▶ TASK INSTRUCTIONS
Start at the first line below and write out everything verbatim except the pictures.

____

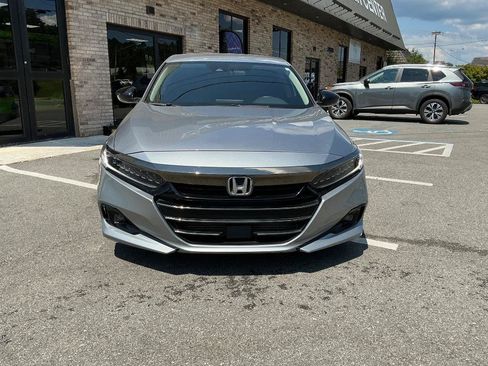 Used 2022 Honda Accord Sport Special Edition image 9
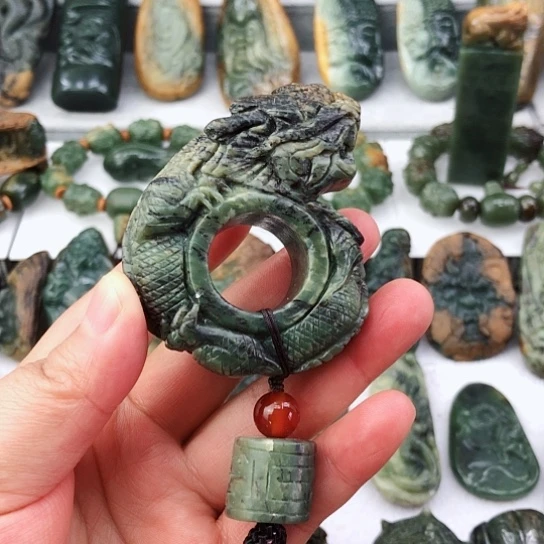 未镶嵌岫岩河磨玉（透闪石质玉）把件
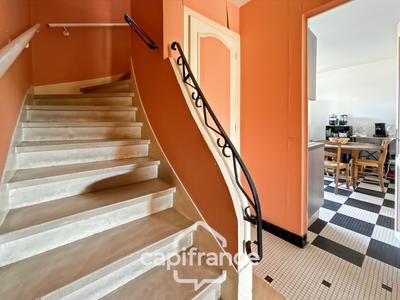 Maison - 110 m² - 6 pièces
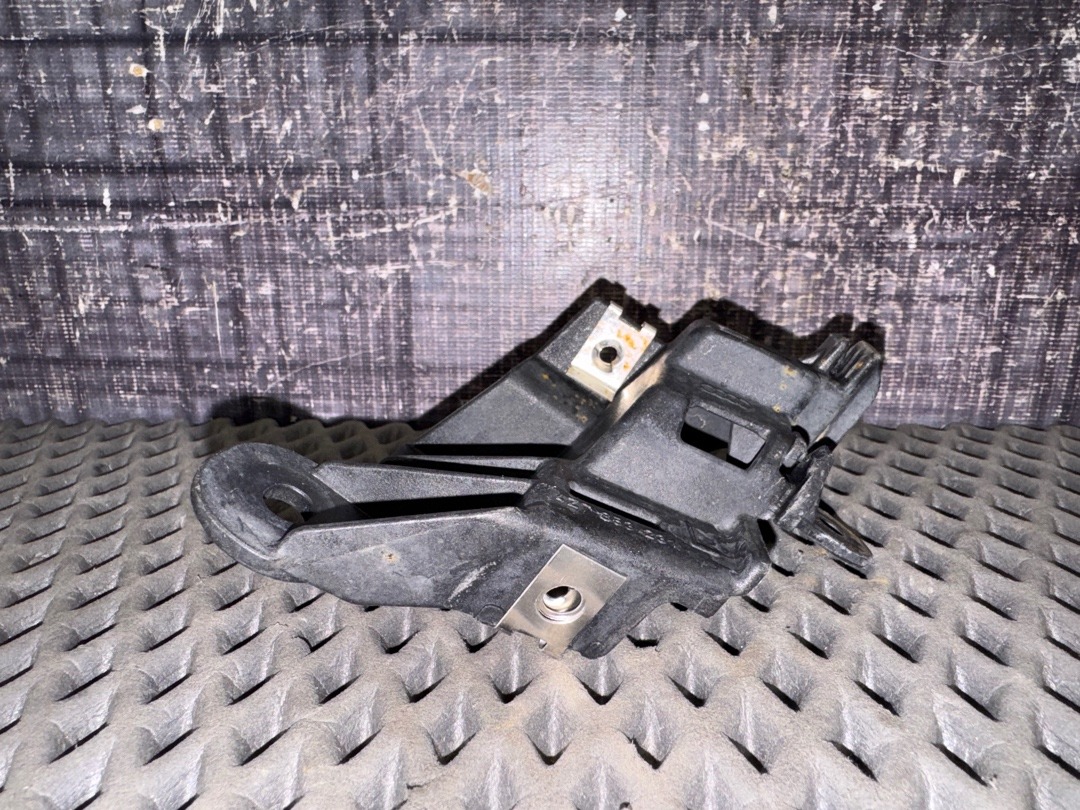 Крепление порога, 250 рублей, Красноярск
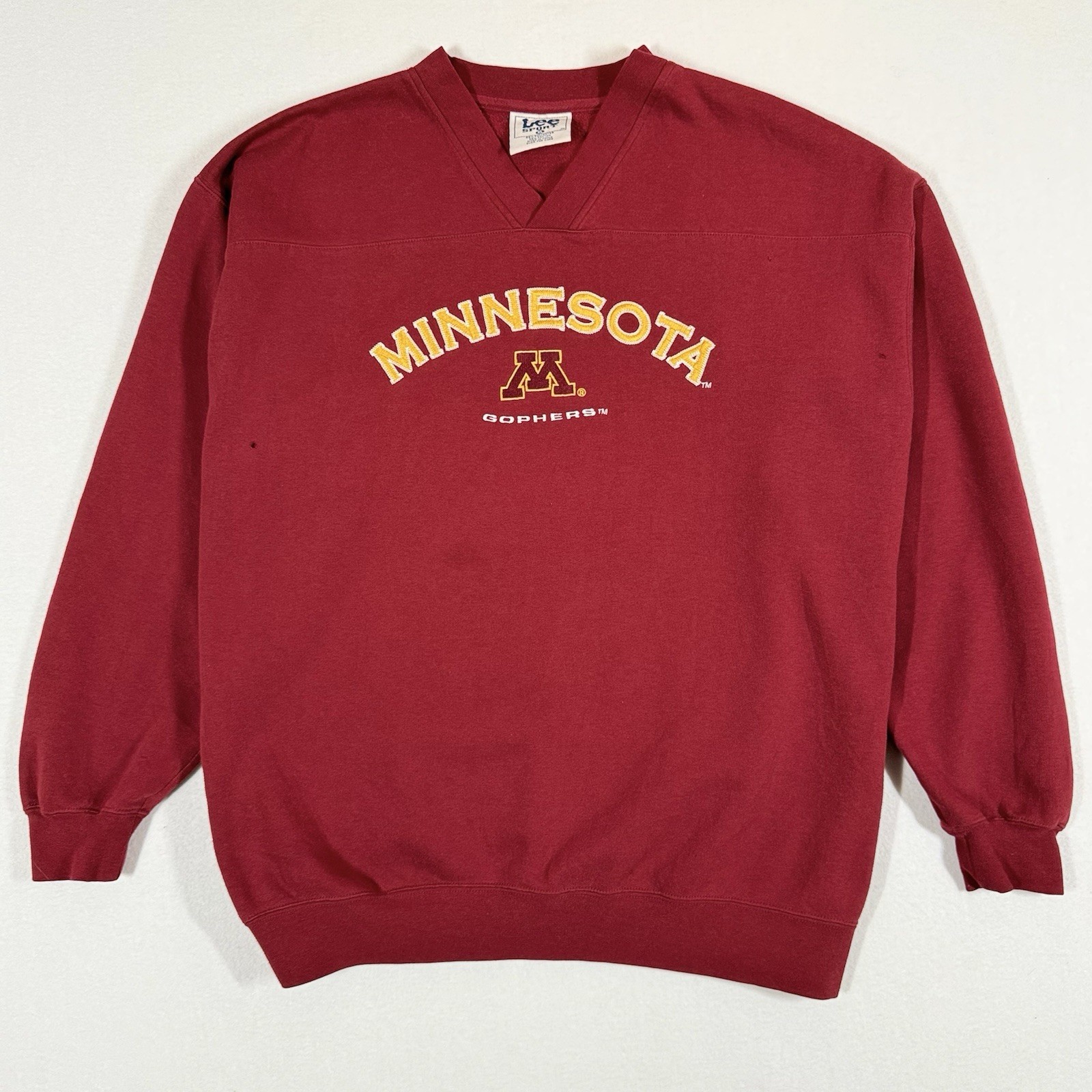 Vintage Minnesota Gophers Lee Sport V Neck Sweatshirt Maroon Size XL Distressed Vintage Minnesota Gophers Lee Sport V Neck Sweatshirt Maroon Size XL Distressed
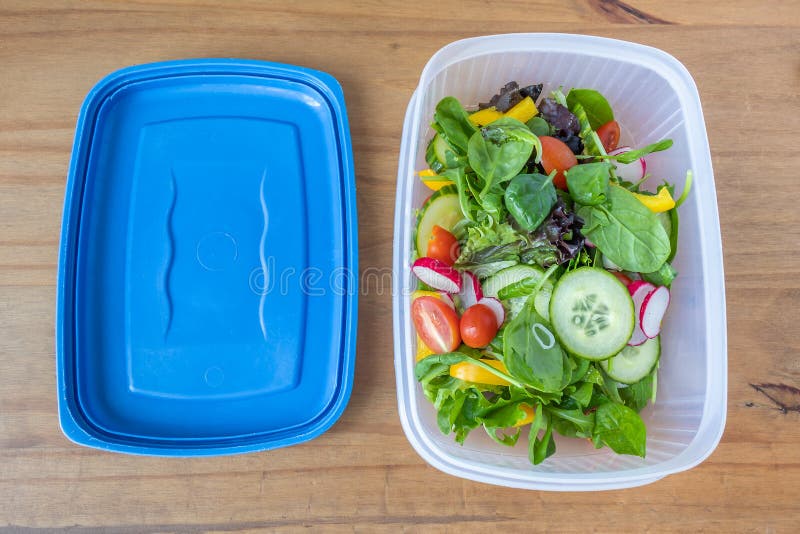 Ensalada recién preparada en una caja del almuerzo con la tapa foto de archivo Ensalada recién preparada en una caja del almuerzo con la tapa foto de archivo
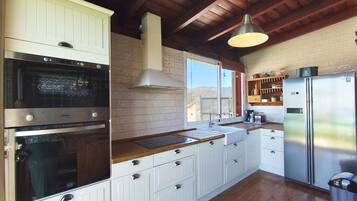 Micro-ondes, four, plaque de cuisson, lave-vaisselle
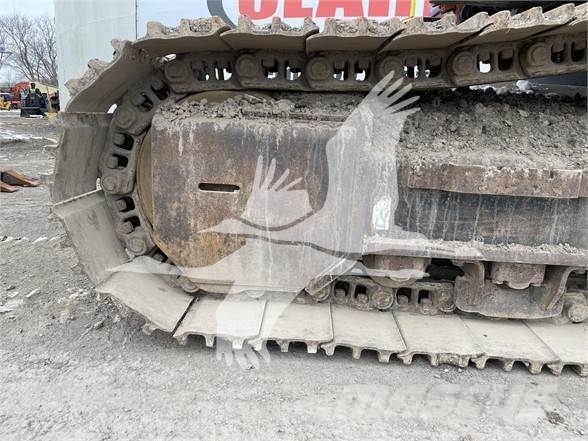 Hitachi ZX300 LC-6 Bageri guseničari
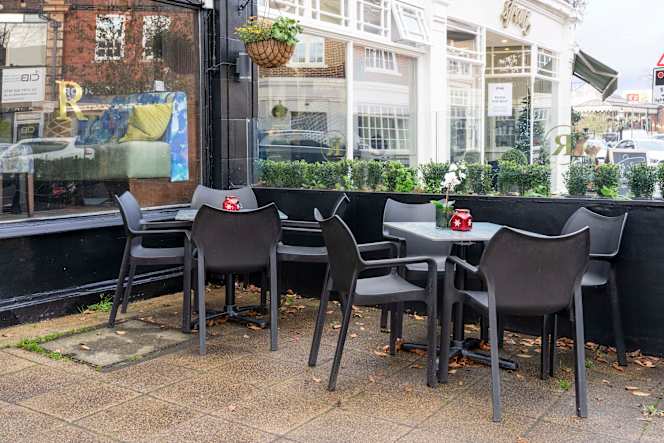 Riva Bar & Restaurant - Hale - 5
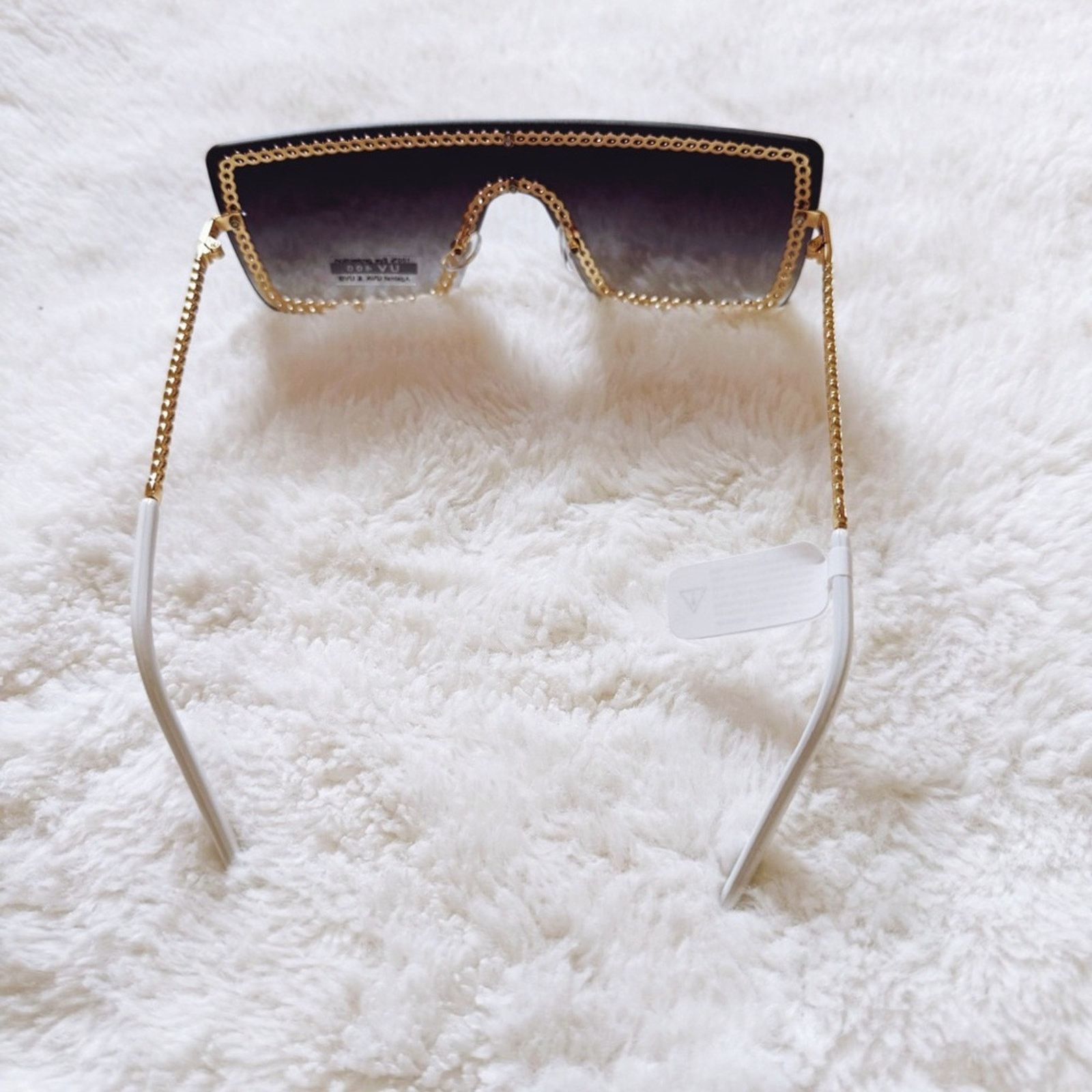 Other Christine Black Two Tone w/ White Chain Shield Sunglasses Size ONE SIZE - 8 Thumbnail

____

▶ REPLY
 Used 2022 Honda Accord Sport Special Edition image 9
 未镶嵌岫岩河磨玉（透闪石质玉）把件
 Maison - 110 m² - 6 pièces
 Крепление порога, 250 рублей, Красноярск
 Vintage Minnesota Gophers Lee Sport V Neck Sweatshirt Maroon Size XL Distressed Vintage Minnesota Gophers Lee Sport V Neck Sweatshirt Maroon Size XL Distressed
 Ensalada recién preparada en una caja del almuerzo con la tapa foto de archivo Ensalada recién preparada en una caja del almuerzo con la tapa foto de archivo
 Micro-ondes, four, plaque de cuisson, lave-vaisselle
 Hitachi ZX300 LC-6 Bageri guseničari
 Riva Bar & Restaurant - Hale - 5
 Other Christine Black Two Tone w/ White Chain Shield Sunglasses Size ONE SIZE - 8 Thumbnail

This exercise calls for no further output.